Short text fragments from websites
● ● ●

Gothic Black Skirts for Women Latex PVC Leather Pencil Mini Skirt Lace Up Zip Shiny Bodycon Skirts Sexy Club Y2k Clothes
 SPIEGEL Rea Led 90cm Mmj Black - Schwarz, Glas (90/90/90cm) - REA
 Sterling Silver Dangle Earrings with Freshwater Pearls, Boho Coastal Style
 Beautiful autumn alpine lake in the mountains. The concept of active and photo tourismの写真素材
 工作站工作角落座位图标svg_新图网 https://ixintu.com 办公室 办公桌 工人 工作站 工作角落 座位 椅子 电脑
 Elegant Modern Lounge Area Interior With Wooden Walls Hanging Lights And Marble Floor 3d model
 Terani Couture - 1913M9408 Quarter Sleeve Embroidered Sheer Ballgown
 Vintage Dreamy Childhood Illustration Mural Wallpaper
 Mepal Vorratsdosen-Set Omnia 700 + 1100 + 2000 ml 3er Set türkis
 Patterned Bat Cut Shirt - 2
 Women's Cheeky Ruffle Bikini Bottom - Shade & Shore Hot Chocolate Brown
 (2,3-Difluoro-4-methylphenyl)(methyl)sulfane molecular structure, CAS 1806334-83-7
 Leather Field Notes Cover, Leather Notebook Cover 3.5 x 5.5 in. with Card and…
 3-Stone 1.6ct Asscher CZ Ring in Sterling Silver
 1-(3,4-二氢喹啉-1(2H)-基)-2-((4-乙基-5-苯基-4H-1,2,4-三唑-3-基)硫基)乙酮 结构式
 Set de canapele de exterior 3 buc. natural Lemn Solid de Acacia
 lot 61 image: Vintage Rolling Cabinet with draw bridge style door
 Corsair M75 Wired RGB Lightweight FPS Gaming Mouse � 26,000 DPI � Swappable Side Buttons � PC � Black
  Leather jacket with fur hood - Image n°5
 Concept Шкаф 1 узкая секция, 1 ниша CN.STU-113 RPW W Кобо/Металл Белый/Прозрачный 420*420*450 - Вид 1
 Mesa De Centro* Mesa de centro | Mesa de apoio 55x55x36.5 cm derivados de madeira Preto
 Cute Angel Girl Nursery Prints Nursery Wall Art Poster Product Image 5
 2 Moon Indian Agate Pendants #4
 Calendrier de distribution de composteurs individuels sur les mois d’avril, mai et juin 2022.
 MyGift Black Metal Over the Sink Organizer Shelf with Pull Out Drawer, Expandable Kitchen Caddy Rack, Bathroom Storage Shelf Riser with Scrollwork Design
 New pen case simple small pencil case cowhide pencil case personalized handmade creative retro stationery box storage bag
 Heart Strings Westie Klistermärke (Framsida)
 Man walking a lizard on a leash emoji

● ● ●

Task item:
Please output the complete data exactly.

Written solution:
Gothic Black Skirts for Women Latex PVC Leather Pencil Mini Skirt Lace Up Zip Shiny Bodycon Skirts Sexy Club Y2k Clothes
 SPIEGEL Rea Led 90cm Mmj Black - Schwarz, Glas (90/90/90cm) - REA
 Sterling Silver Dangle Earrings with Freshwater Pearls, Boho Coastal Style
 Beautiful autumn alpine lake in the mountains. The concept of active and photo tourismの写真素材
 工作站工作角落座位图标svg_新图网 https://ixintu.com 办公室 办公桌 工人 工作站 工作角落 座位 椅子 电脑
 Elegant Modern Lounge Area Interior With Wooden Walls Hanging Lights And Marble Floor 3d model
 Terani Couture - 1913M9408 Quarter Sleeve Embroidered Sheer Ballgown
 Vintage Dreamy Childhood Illustration Mural Wallpaper
 Mepal Vorratsdosen-Set Omnia 700 + 1100 + 2000 ml 3er Set türkis
 Patterned Bat Cut Shirt - 2
 Women's Cheeky Ruffle Bikini Bottom - Shade & Shore Hot Chocolate Brown
 (2,3-Difluoro-4-methylphenyl)(methyl)sulfane molecular structure, CAS 1806334-83-7
 Leather Field Notes Cover, Leather Notebook Cover 3.5 x 5.5 in. with Card and…
 3-Stone 1.6ct Asscher CZ Ring in Sterling Silver
 1-(3,4-二氢喹啉-1(2H)-基)-2-((4-乙基-5-苯基-4H-1,2,4-三唑-3-基)硫基)乙酮 结构式
 Set de canapele de exterior 3 buc. natural Lemn Solid de Acacia
 lot 61 image: Vintage Rolling Cabinet with draw bridge style door
 Corsair M75 Wired RGB Lightweight FPS Gaming Mouse � 26,000 DPI � Swappable Side Buttons � PC � Black
  Leather jacket with fur hood - Image n°5
 Concept Шкаф 1 узкая секция, 1 ниша CN.STU-113 RPW W Кобо/Металл Белый/Прозрачный 420*420*450 - Вид 1
 Mesa De Centro* Mesa de centro | Mesa de apoio 55x55x36.5 cm derivados de madeira Preto
 Cute Angel Girl Nursery Prints Nursery Wall Art Poster Product Image 5
 2 Moon Indian Agate Pendants #4
 Calendrier de distribution de composteurs individuels sur les mois d’avril, mai et juin 2022.
 MyGift Black Metal Over the Sink Organizer Shelf with Pull Out Drawer, Expandable Kitchen Caddy Rack, Bathroom Storage Shelf Riser with Scrollwork Design
 New pen case simple small pencil case cowhide pencil case personalized handmade creative retro stationery box storage bag
 Heart Strings Westie Klistermärke (Framsida)
 Man walking a lizard on a leash emoji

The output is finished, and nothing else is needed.